/blog/Feb 10, 2026
Hybrid BM25 + dense retrieval that actually helps
Why parent-child chunking made the biggest difference for our docs RAG, and the cross-encoder reranker tuning that followed.
airagchroma
When I first wired up dense-vector search for our docs RAG, the metrics looked great in the eval set and the answers looked wrong in production. The usual story.
What moved the needle
- Parent-child chunking. We embed small chunks (for recall) but return the parent section (for synthesis). One line of JSON per parent ID in the metadata and the LLM stopped losing context.

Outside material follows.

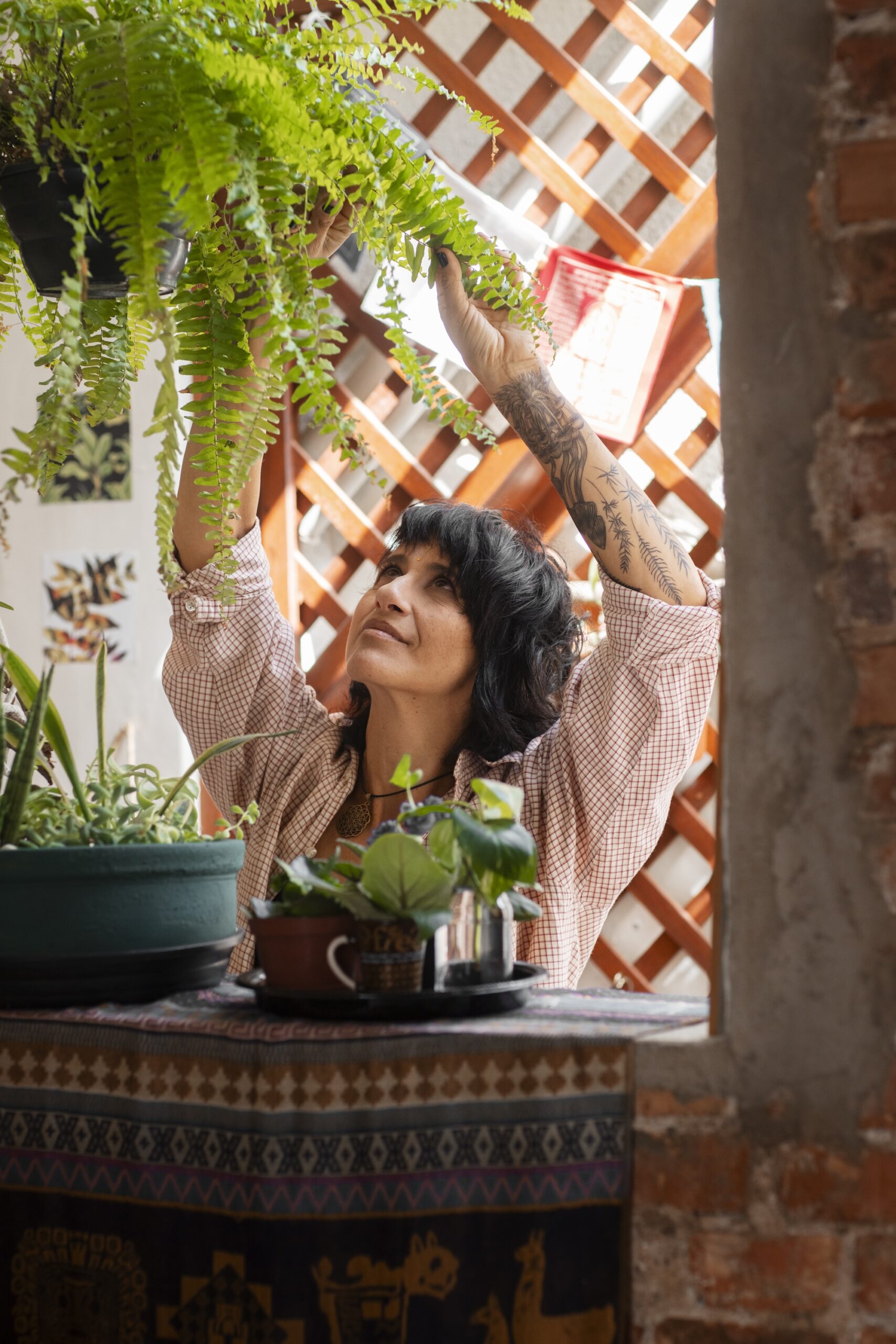 mujer siguiendo consejos para tener una casa con suficiente naturaleza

- BM25 in the mix. Dense retrieval is great for paraphrase, terrible for proper nouns and version strings. A 50/50 blend of BM25 and dense, reranked with a cross-encoder, beat either alone.
- Rerank last, and cheaply. A small cross-encoder (
bge-reranker-base) over the top 20 candidates is ~30ms on CPU and lifted our top-3 accuracy by ~11pp.
What didn't
- Fancy embedding fine-tuning. Not worth the ceremony at our corpus size.
- Query rewriting with the big model. Helps sometimes, costs always.
Config sketch
const results = await chroma.query({
queryTexts: [question],
nResults: 40,
where: { tenant: userTenant },
});
const reranked = await reranker.score(question, results.documents);
return reranked.slice(0, 5).map(toParentChunk);Nothing surprising — just the obvious thing, done carefully.